Looking at an example in the Mechanical Computer Aided Design (MCAE) area, techniques have been developed to use memory efficiently and not allowing the OS to start swapping. For example, in simulating a car crash, running on a single thin node would take significant amounts of memory. To get maximum performance, the entire model, composed of breaking up the solid car definition into small elements ("finite elements"), the material properties, the external forces, and the like, would have to be loaded into memory. Depending on the resolution of the model-- basically, how many elements are created and how many time steps are solved for -- a tremendous amount of memory would have to be used.
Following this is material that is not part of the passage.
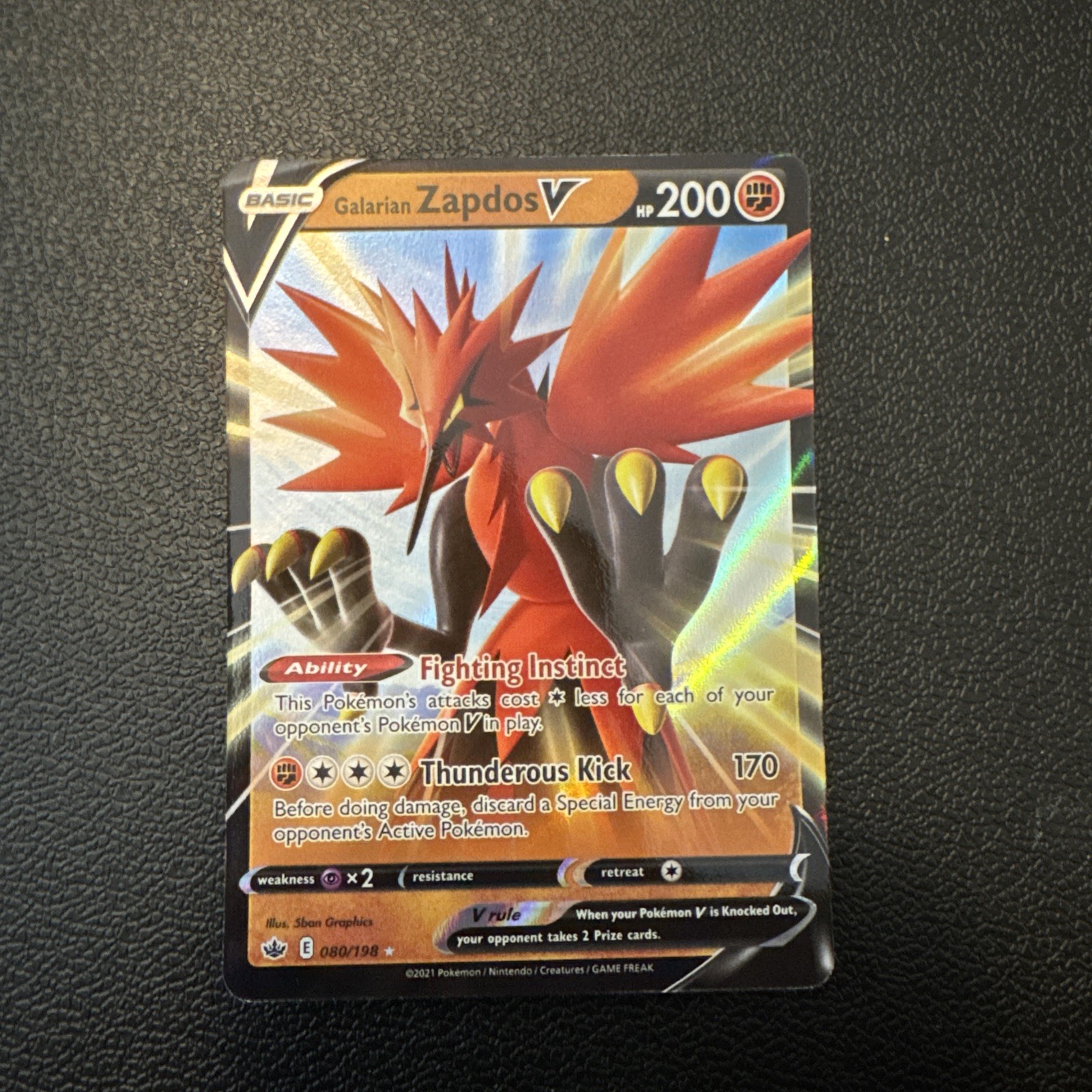Galarian Zapdos V 080/198 Ultra Rare Pokemon Chilling Reign NM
Applications like this can be solved either on one system, or broken into smaller parts and solved on a number of horizontal systems.
Application developers have been able to write software that runs across a number of systems. The problem is divided into smaller pieces, with each piece placed on a different computer. For example, the hood of the car can be simulated on one system, the engine compartment on another, the roof on a third, and so on. The different systems would need to communicate the boundary conditions to the other systems, which require fast communications. The benefit to this approach is that the simulation can be run in much less time, since a number of CPUs are working together, in parallel. Also, since each node or core only gets a part of the data, the memory requirements are less on each node. In total, the memory requirements will be similar (or slightly more) compared to running on one system, but the time to solution will be considerably less. In an era of high competitiveness in many markets, the time to get the results outweighs the additional cost of purchasing more computer systems.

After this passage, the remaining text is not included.